Emirates can trace back its history to the oldest airline in the Gulf region, Gulf Air. And the historic connection is a very interesting story.
Gulf Air was founded in 1940 by Freddie Bosworth, a British pilot. Ten years later, Freddie Bosworth registered an airline under the name Gulf Aviation Company Limited, the forerunner of today’s Gulf Air. On this basis, Gulf Air is the oldest airline in the Gulf region.
In 1973, the now-defunct Emirate of Bahrain, in conjunction with the State of Qatar, the Emirate of Abu Dhabi, and the Sultanate of Oman, purchased shares of British Overseas Airways Corporation in Gulf Air.
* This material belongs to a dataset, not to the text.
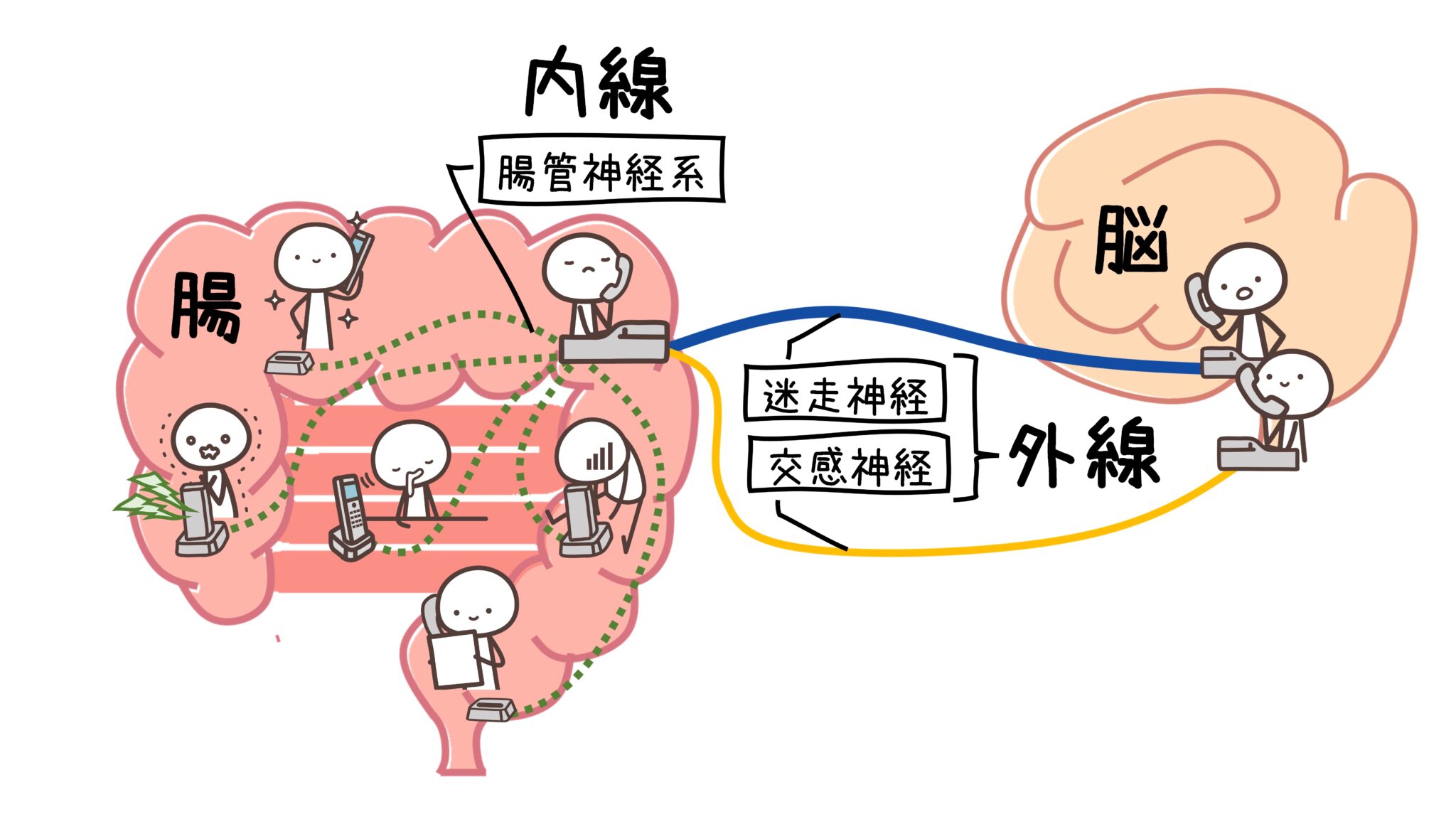 脳と腸をつなぐ回線…外線の自律神経系と内線の腸管神経系の仕組み – 集英社新書プラス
On January 1, 1974, the new proprietary company ownership agreement was signed. All four states had an equal share in the Gulf Air. Thus, Gulf Air emerged as the state airline of these four states or countries.
Gulf Air dispute with Pakistan
Gulf Air has been at loggerheads with Pakistan International Airlines since the early 1980s because of Pakistanis working in the Middle East. Since a large number of cheap laborers from Pakistan were coming to the Gulf countries, almost all of them used to take PIA to fly to and from the region. The main competitor in this field was Gulf Air who wanted a better share of this market.
The current ruler of Dubai, Sheikh Mohammed bin Rashid Al Maktoum, adopted an open sky policy for Dubai Airport, which meant that any airline could operate as many flights to Dubai as it wished, and PIA took full advantage of it.
Because Gulf Air wanted to increase its flights to Pakistan, it began to put pressure on the Pakistani government for this purpose, which the Pakistani government rejected to protect PIA.
When Gulf Air did not get a positive response from the Pakistani government, it began pressuring the Dubai government to reconsider its Open Sky policy, that PIA was using to its advantage. This was rejected by the Dubai rulers, even though the Abu Dhabi government jointly owned Gulf Air.
When this pressure failed to yield, Gulf Air significantly reduced the number of flights to Dubai to teach the Dubai government a lesson. While Gulf Air used to operate 84 weekly flights to Dubai in those days, more than half of them were canceled and the weekly flights were reduced to 39.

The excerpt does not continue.